# Income tax return status after mailing



## rayoo_1983 (Oct 9, 2016)

I have sent the past 7 years of fbars and they got acknowledged by email in 2 days

Now i got all my income tax prepared from 2013 to 2016 and ready to mail them all together i own nothing and wont get a refund and i cant use a software to file cause i have to write nra for my wife on 1040. 

Now after i go mail them. Whats next. How do i know that the irs got my income tax return how to inow if they accept them or process them. Im confused as most website referring to check your refund link while i wont get any refund. 

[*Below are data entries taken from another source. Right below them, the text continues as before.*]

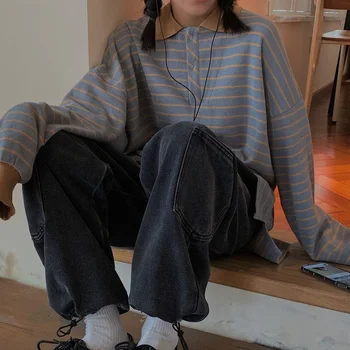 Polo Krave Dame Hoodies Stribet Sweatshirt Koreanske Foråret Efteråret Vintage Løs Afslappet Oversize Top Kvinder Hættetrøjer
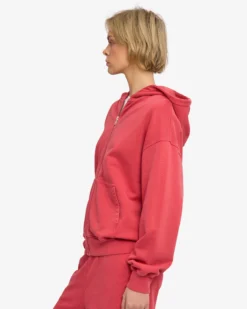 Organic Oversized Zip Hood - Faded Red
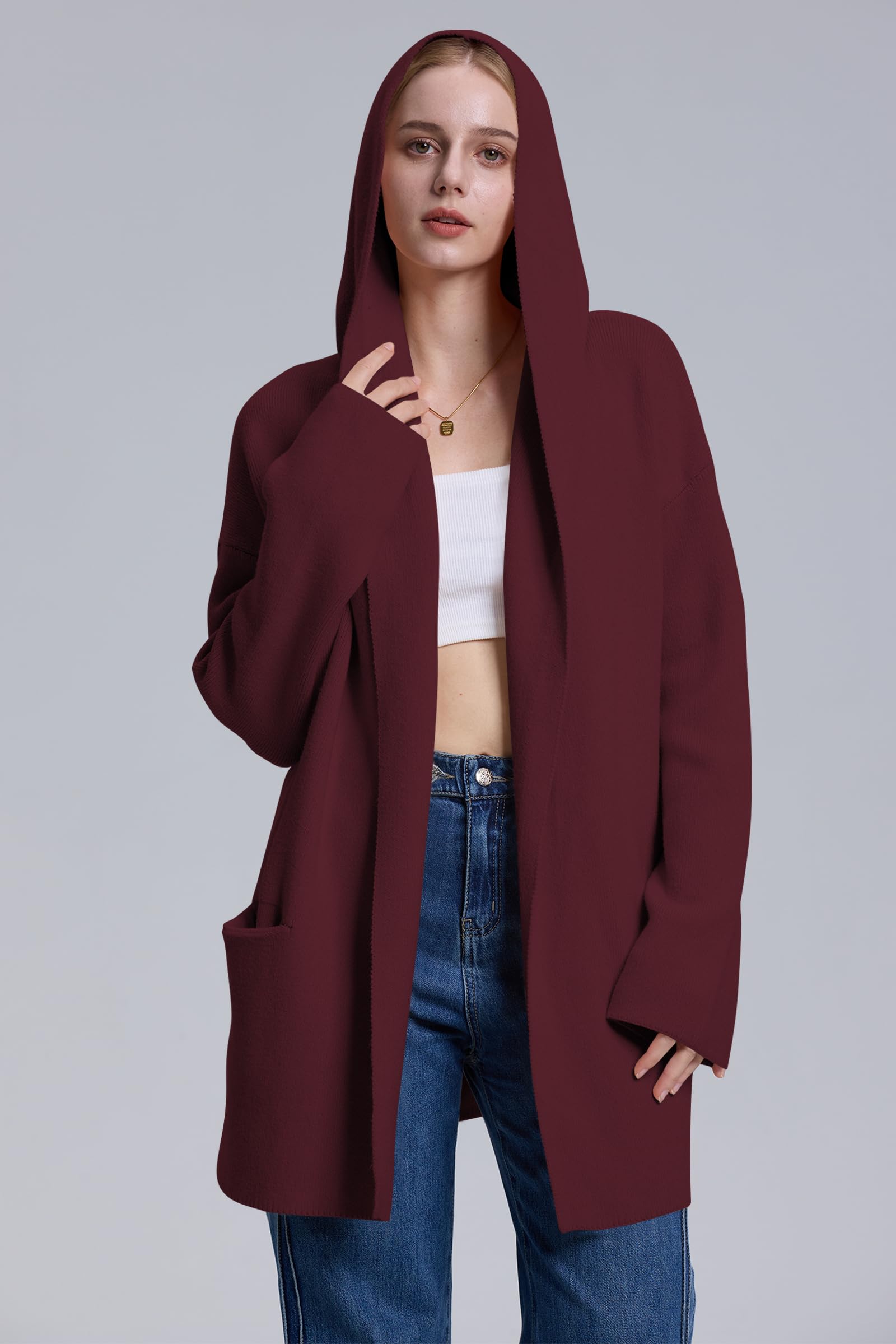 Foto 4 pulgar | Suéter Tipo Cárdigan Cakulo Ruby, Largo, Con Capucha, De Gran Tamaño, 2024, Mujer - Venta Internacional.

I just need to send these make sure they are processed and accepted and have peace in mind. 

Any help??!


Sent from my iPhone using Tapatalk


----------



## Bevdeforges (Nov 16, 2007)

Actually, you can use the software to prepare your forms - you just need to be able to print the resulting forms from the software site. What you print off you can mail in, no problem. (Some tax software won't let you print the forms until after you have e-filed. And at least one tax prep site I tried to use won't let you print the forms for free - you have to pay to print.)

Try this for confirming that your returns have been processed: https://www.irs.gov/individuals/get-transcript

I'm told it can take "a few" weeks after you file for the transcript to become available. 
Cheers,
Bev


----------



## Moulard (Feb 3, 2017)

Setting aside the total of 2 (maybe 3 - I cant recall exactly) returns that I have ever submitted from within the US, In the 25+ years I have been filing returns from overseas via the mail, I have gotten an acknowledgement of receipt exactly zero times on my initial filing.

Because I didn't read the instructions carefully enough, at some point during that period I submitted three amended returns in a single envelope. (they instruct you to submit them separately). Of the three amended returns , I only received two acknowledgements even though to have received two, they must have gotten the third.

While I destroy all receipts and other supporting materials once past the statute of limitations has passed, my printed copy of the original returns with ink signatures is the only prima facie evidence I have that I have complied with my obligations.

In short, don't expect any response. If you need proof, get a transcript. If you need plausible deniability, print it out, sign it and file it away.


----------